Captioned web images
——————————
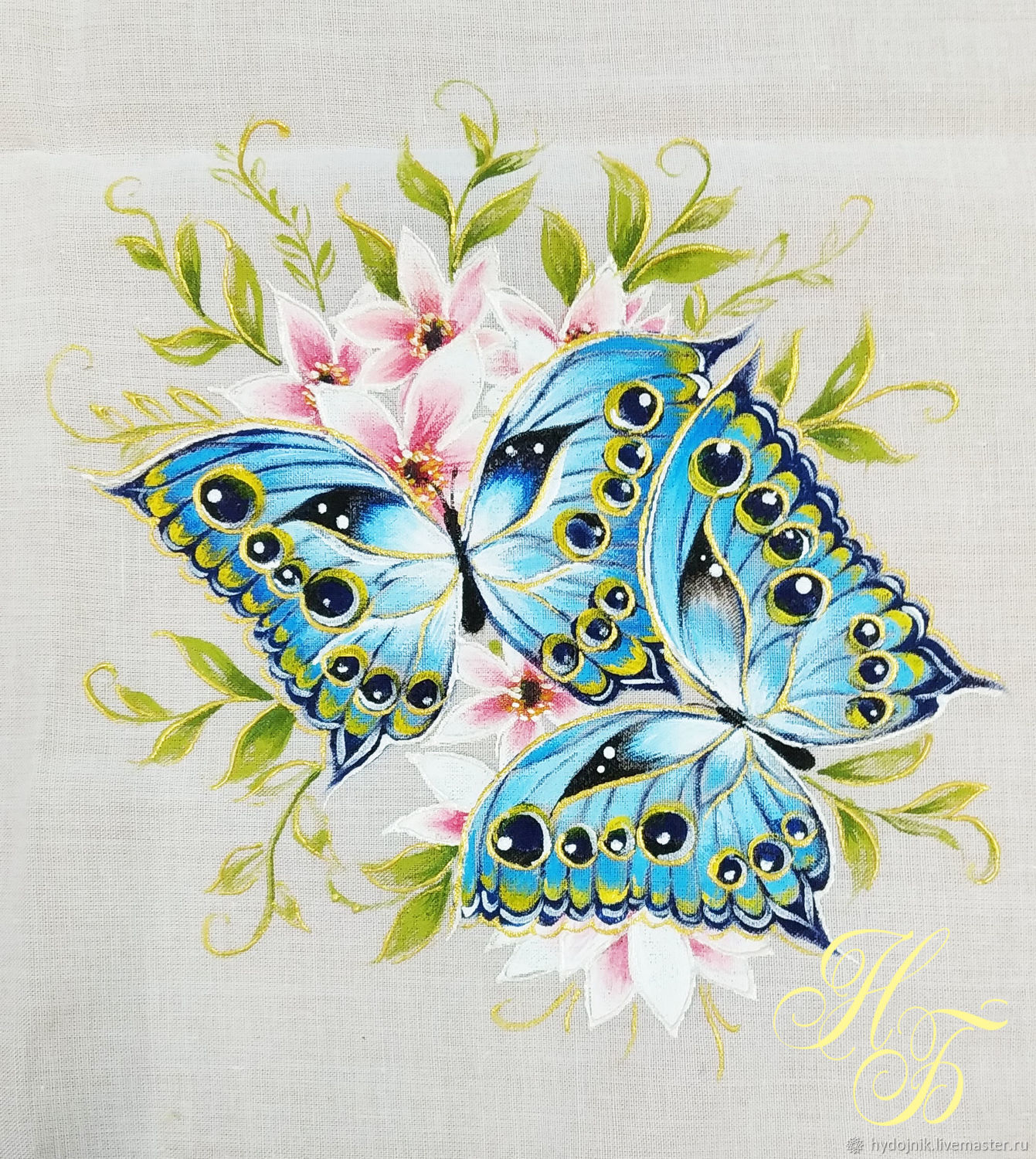 Батистовый носовой платочек с ручной росписью "Бабочки"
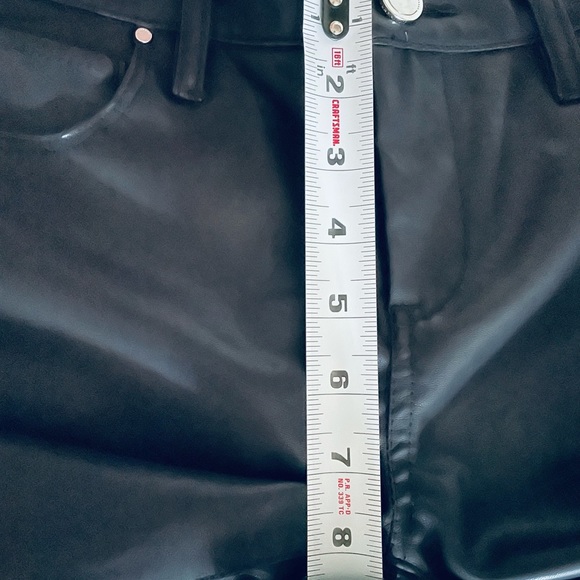 NWT (24) BLANKNYC 7/8 Varick flare cropped Pleather faux vegan snap close black - Picture 7 of 13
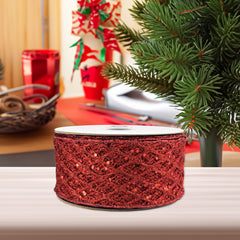 Glittered Sequin Diamond Net Wired Ribbon, 2-1/2-inch, 10-yard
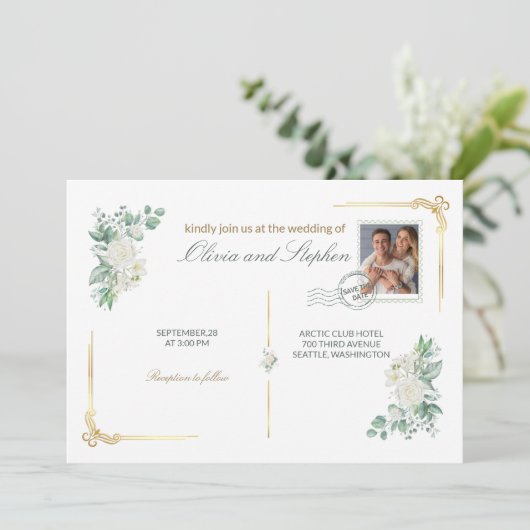 wedding save the date engagement invite (Staand voorkant)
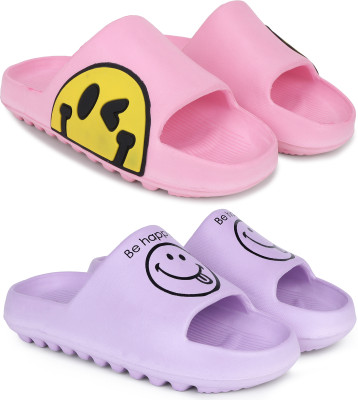Kapani Fashion Women Women Combo Pack of 2 Lightweight Flipflops, Slipper, Slides (Pink, Purple , 8) Slides(Pink, Purple , 8)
——————————
Work instructions ->
Reproduce the data above in full, exactly as it is, with the pictures left out.

Your response ->
 Батистовый носовой платочек с ручной росписью "Бабочки"
 NWT (24) BLANKNYC 7/8 Varick flare cropped Pleather faux vegan snap close black - Picture 7 of 13
 Glittered Sequin Diamond Net Wired Ribbon, 2-1/2-inch, 10-yard
 wedding save the date engagement invite (Staand voorkant)
Kapani Fashion Women Women Combo Pack of 2 Lightweight Flipflops, Slipper, Slides (Pink, Purple , 8) Slides(Pink, Purple , 8)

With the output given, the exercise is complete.